The range of salaries in the Data Science domain is between 5,132 USD and 450,000 USD. Moreover, the average or mean salary in this field is around 137,570 USD. This information suggests that there is a wide range of salaries in the field of Data Science, with some individuals earning significantly more than others.

Analysis for Employment Type

Code
# Analysis for employment_type #


# table(df$employment_type)

et_categ <- as.factor(ifelse(df$employment_type == "CT", "Contract",
                            ifelse(df$employment_type == "FL", "Freelance", 
                                   ifelse(df$employment_type == "FT", "Full-Time", 
                                          ifelse(df$employment_type == "PT", "Part-Time", "")))))

options(repr.plot.width=16, repr.plot.height=8)
my_palette <- c("#FEDEFF", "#93C6E7", "#AEE2FF", "#B9F3FC")

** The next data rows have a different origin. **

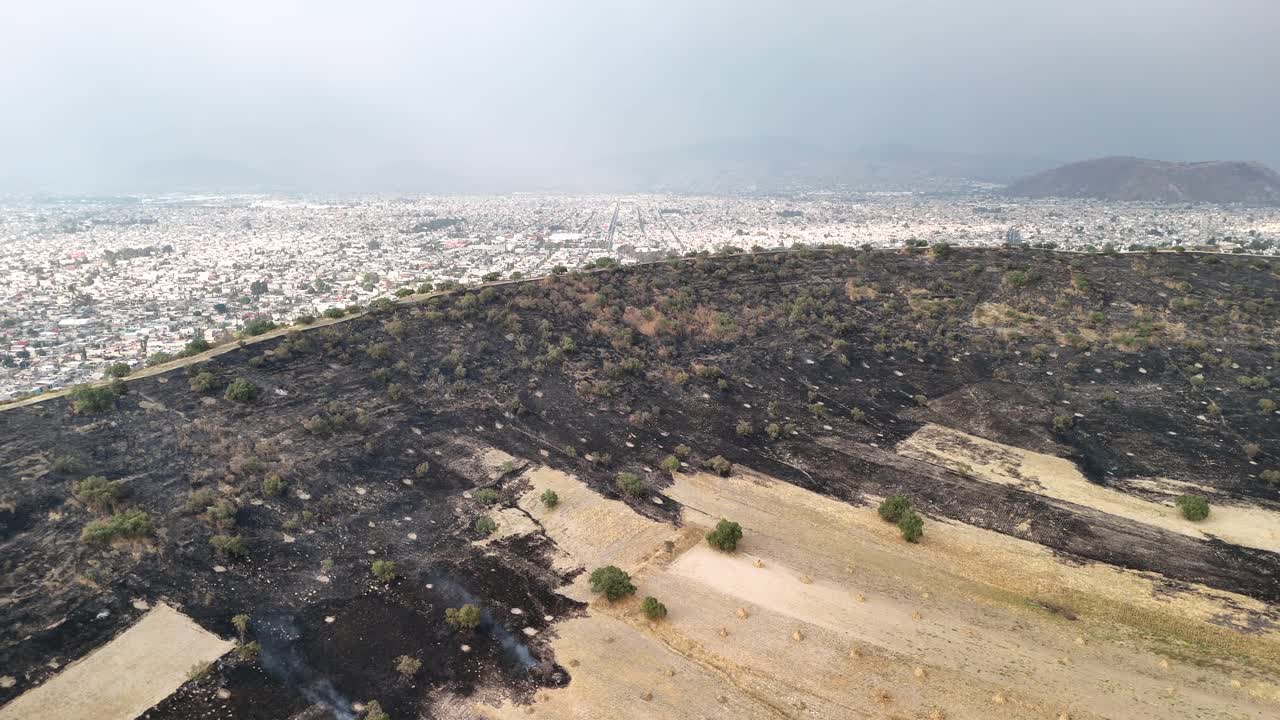 Toma aérea de un fuego en la cima de un volcán cerca de Ciudad de México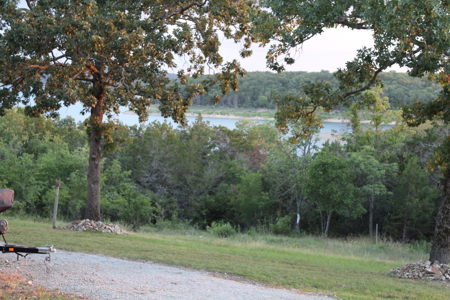 2 Lots Bordering Corps on Bull Shoals Lake with Spectacular View - image 1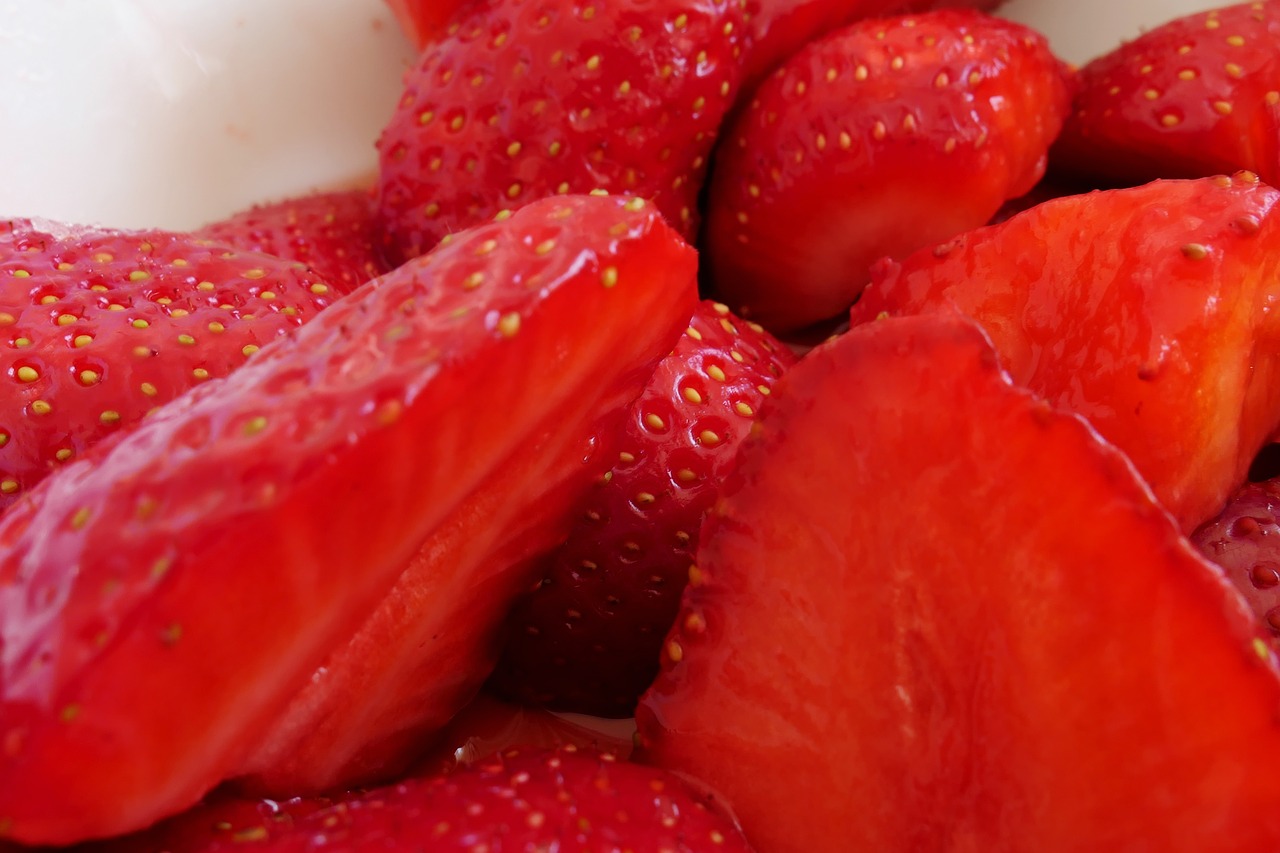 strawberry  fruit  dessert free photo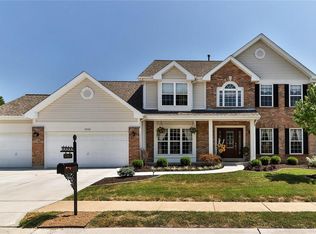 17033 Westridge Oaks Dr, Grover, MO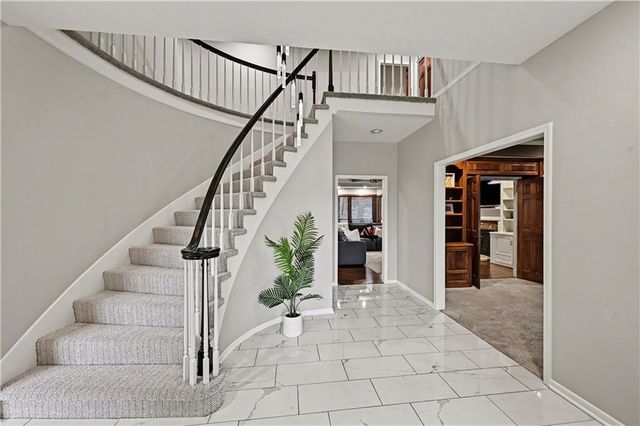 6113 N Mattox Road, Kansas City, MO 64151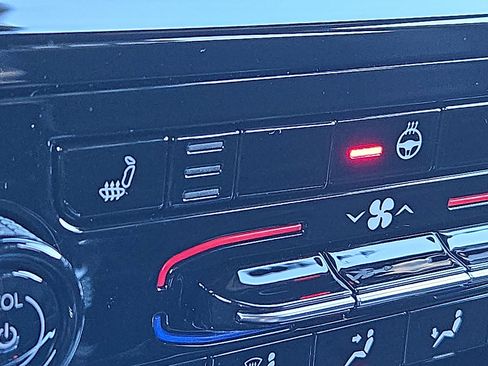 New 2025 Jeep Grand Cherokee L Laredo image 14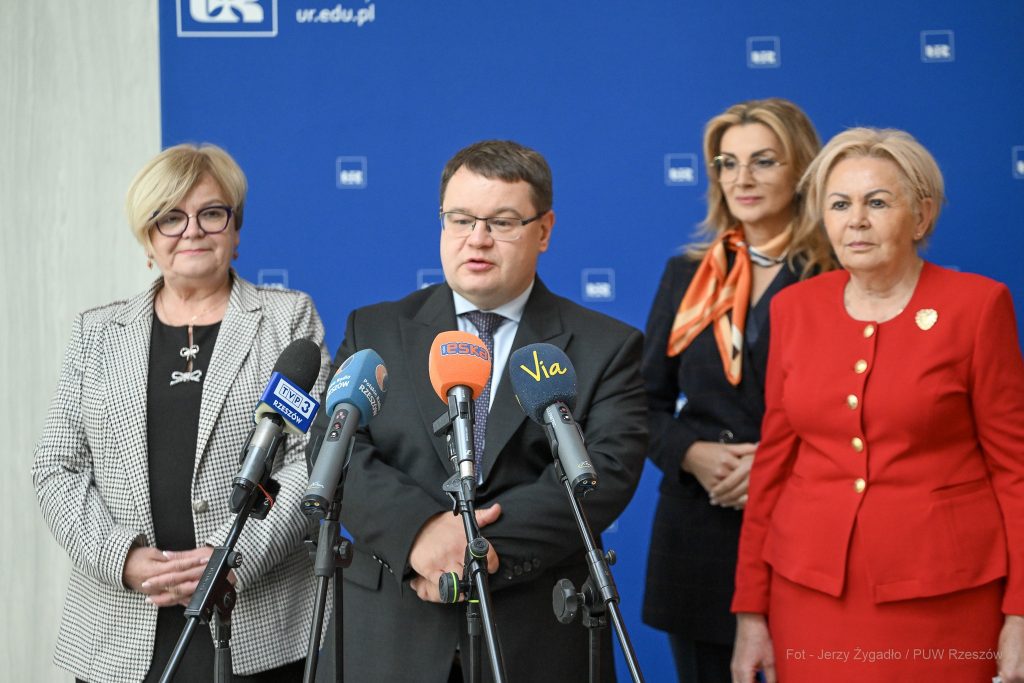 rektor uniwersytetu i posłanki Koalicji Obywatelskiej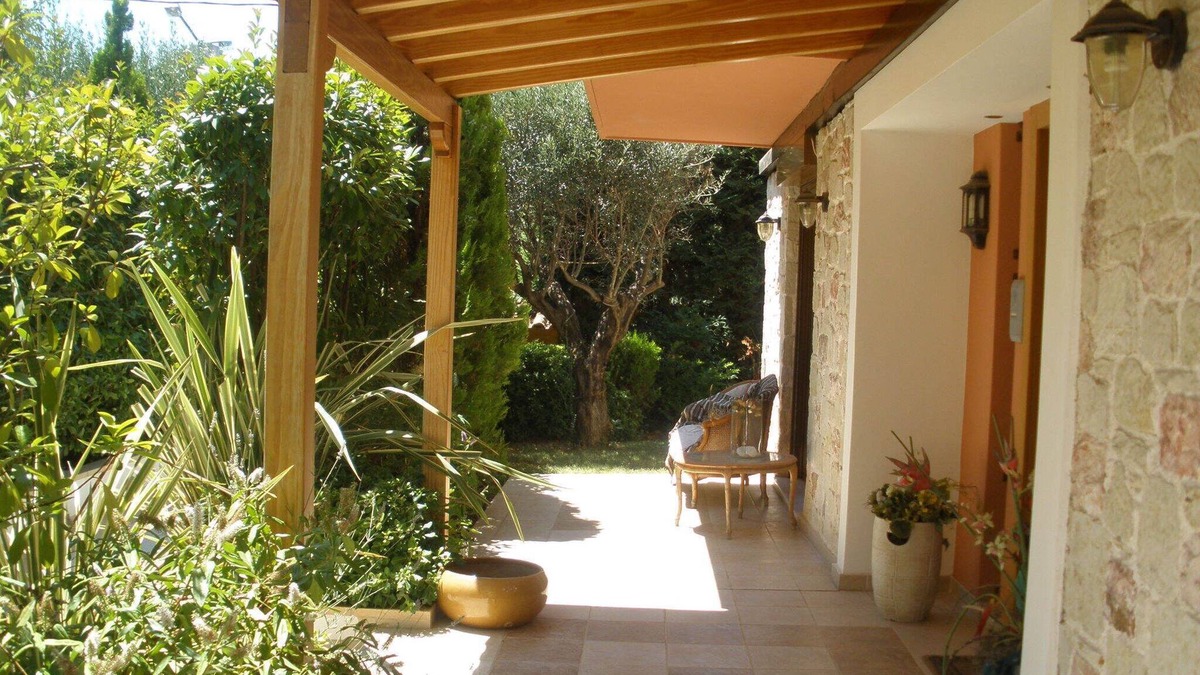 Kifisia House | Live large (360 m2)in the posh Athenian suburbs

et_barchart <- ggplot(data.frame(et_categ), aes(x = et_categ)) +
  geom_bar(aes(fill = et_categ))  +
  scale_fill_manual(values = my_palette) +
  ggtitle("Bar Chart for Employment Type") +
  xlab("Type") +
  ylab("Frequency") +
  labs(fill = "Level") +
  stat_count(geom = "text", aes(label = after_stat(count)), vjust = -0.5) +
  theme_classic() +
  theme(
    plot.title = element_text(color = "#383335", size = 20, face = "bold"),
    plot.subtitle = element_text(color = "#F6CD90",size = 12, face = "bold"),
    plot.caption = element_text(face = "italic"))

data <- data.frame(
  category=c("Contract", "Freelance", "Full-Time", "Part-Time"),
  count=c(10, 10, 3718, 17)
)
 
# Compute percentages
data$fraction <- data$count / sum(data$count)

# Compute the cumulative percentages (top of each rectangle)
data$ymax <- cumsum(data$fraction)

# Compute the bottom of each rectangle
data$ymin <- c(0, head(data$ymax, n=-1))

# Compute label position
data$labelPosition <- (data$ymax + data$ymin) / 2

# Compute a good label
data$label <- paste0(round(data$fraction*100, 1), "%")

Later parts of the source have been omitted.